While still prominent, SUSE has fallen under some criticism lately. Many long-time users have never forgiven Novell's purchase of the distribution, nor the change from KDE to GNOME as the default desktop. Such users tend to regard openSUSE as the natural successor to early versions of the distributions.
Even more seriously, Novell's development and distribution deal with Microsoft in November 2006 has resulted in efforts to boycott the distribution. This deal caused two major clauses to be added to the third version of the GNU General Public License, and provoked many calls to punish Novell by making it unable to use the license in some way. Novell also lost prominent employees such as Jeremy Allison, leader of the Samba project, because of the deal. This hostility may also have hampered the growth of openSUSE into a strong community.
However, what the long-term effect will be on either SUSE Linux Enterprise or openSUSE is still unknown. It may be that, with Novell's strong support and certification programs, that the company will manage to weather the controversy, especially if it makes some effort at reconciliation with the free software community.
Based on Debian, Ubuntu has confounded those who believed there was no longer room for a major new distro by becoming the most widely known and used distro in less than four years.
This rapid growth is due in large part to the energy and investment of Mark Shuttleworth, the South African multi-millionaire who was also one of the first space tourists. Self-appointed dictator of Ubuntu, Shuttleworth also heads Canonical, the commercial arm of Ubuntu.
However, credit must also go to Ubuntu's success in learning from the real and perceived problems of Debian. Not only is the basic Ubuntu desktop more organized than Debian's, but the Ubuntu community, with its code of conduct to enforce civility, is generally a much less intimidating place than Debian's -- so much so that Debian has suffered a number of defections of prominent developers to Ubuntu. In addition, Ubuntu's six month release cycle is much shorter than the periods between official Debian releases.

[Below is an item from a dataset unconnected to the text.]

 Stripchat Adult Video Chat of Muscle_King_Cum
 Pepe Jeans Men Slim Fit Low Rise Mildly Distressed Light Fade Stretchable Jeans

Another notable feature of Ubuntu is its encouragement of sub-communities. Although the basic Ubuntu distribution uses the GNOME desktop, Kubuntu uses the KDE desktop, and Xubuntu the Xfce desktop. Other variations are Edubuntu, which features educational tools, and the upcoming Gobuntu, which uses only free software.

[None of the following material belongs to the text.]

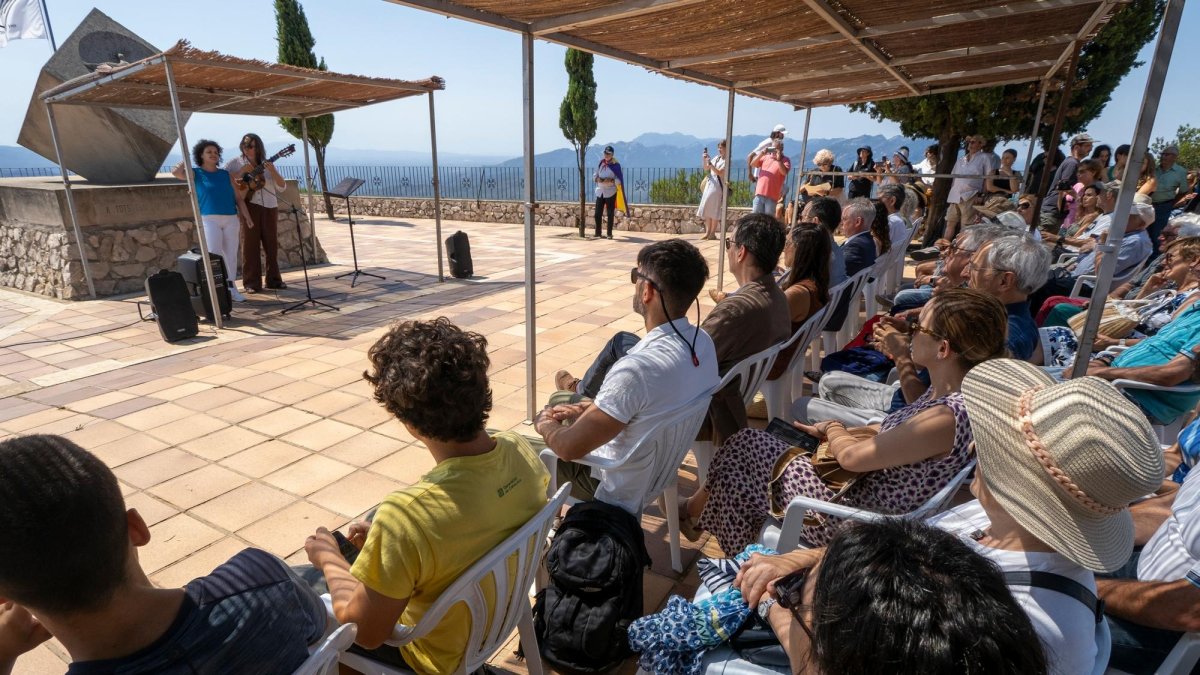 Acte de record, a la cota 705 de la serra de Pàndols, al Pinell de Brai.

Until recently, Ubuntu has faced little criticism. However, in the last year, some free software users have complained about the use of non-free drivers in one or two releases, while others have voiced concerns about the increasing move towards commercialization of the distribution. As well, after a promising start, Ubuntu's rate of innovation seems to be slowing in recent releases. Yet, overall, Ubuntu remains a widely used distribution. In the last year, it has even become the source of its own spinoff distributions, including Linspire, and, for one release, MEPIS.
This list could easily continue, with mention of such distros as Damn Small Linux, Frugalware, K12LTSP, Knoppix, and others. Each of these distributions has its own claim for being influential, but, beyond the seven detailed, agreement about which ones ought to be included would be less unanimous.
However, if you wanted a summary of GNU/Linux's to this point, then the development of these seven distributions would be a better starting point than most. Only some of the earliest history concerning such extinct distros such as Yggdrasil, would be missing.
As for the future -- who can say? Already, several of these seven are important less for themselves than for the traditions they have started. And, just in case anyone starts thinking that the selection of distributions is becoming settled, remember that nobody predicted the rise of Ubuntu. Admittedly, Ubuntu had several advantages from the start, but, given the unpredictability of free software, perhaps a new distribution with an influential new philosophy and toolbox is being readied as you read.